Pesto Chicken | Real Food RN

Pesto Chicken and Cauli-Rice Cups

These lettuce cups are packed with dynamite flavors! We all know that you can’t go wrong with a powerfully flavored pesto, so I included it in the salad dressing here by adding some gut-friendly yogurt. The sun-dried tomatoes add a burst of sweet tanginess in every bite, while the lettuce offers the perfect crunch. The toasted pine nuts and fragrant fresh basil finish it beautifully.

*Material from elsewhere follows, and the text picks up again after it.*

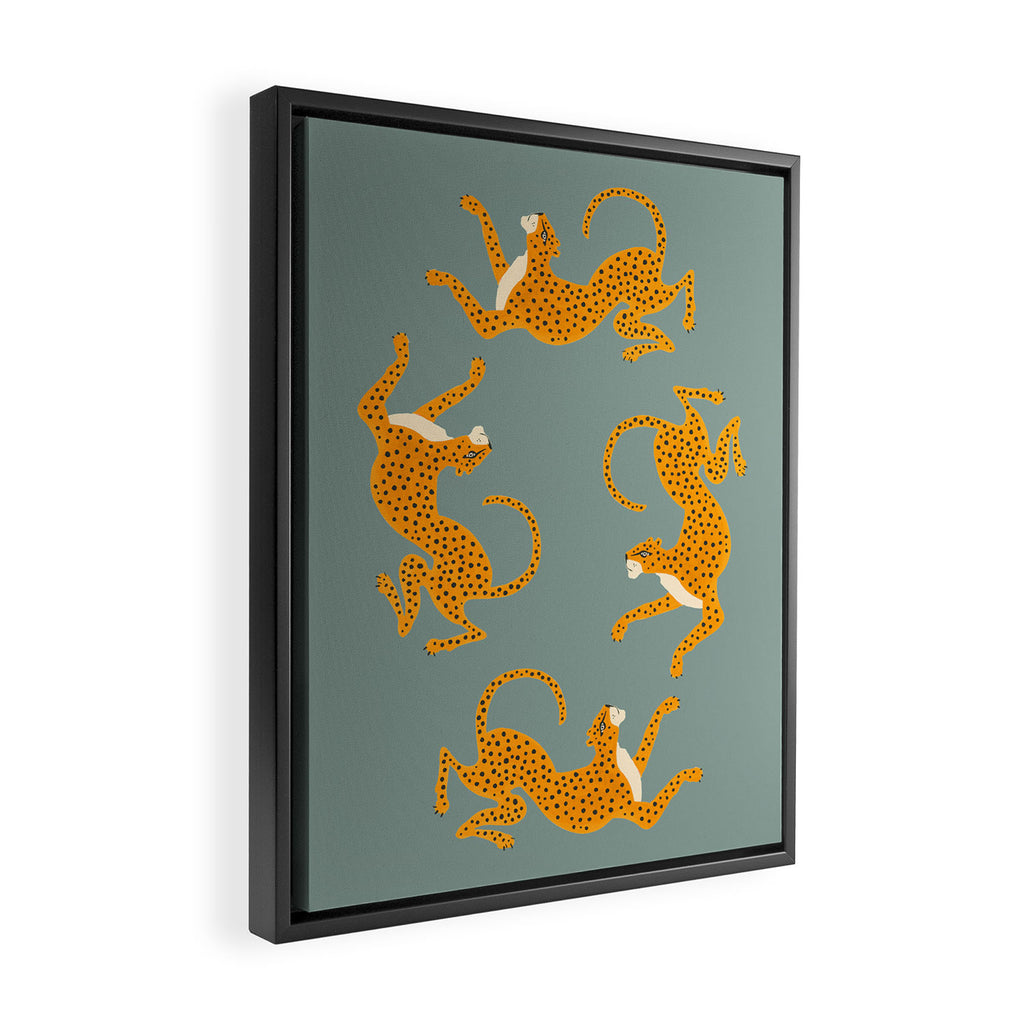 Leopard Race - blue Framed Canvas Print Gallery Image 2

I used cauli-rice to bulk up the mixture, but if you aren’t living “low-carb,” you can use cooked quinoa or gluten-free couscous instead.

Chef Tips:

  • Cauli rice is available in stores, but the flavor of freshly made is far superior.
  • I recommend that you remove the seedy core of the cucumber before chopping to prevent a watery mixture.
  • Be sure to chop the cucumber, sun-dried tomatoes, and chicken into very small pieces to prevent the mix being too “chunky” and unable to fit into the gem lettuce cups.
Pesto Chicken | Real Food RN

Pesto Chicken

Kate
Transform your weeknight dinner with our Pesto Chicken and Cauli-Rice, a quick and delicious dish where juicy chicken and fragrant pesto pair perfectly with light, flavorful cauliflower rice.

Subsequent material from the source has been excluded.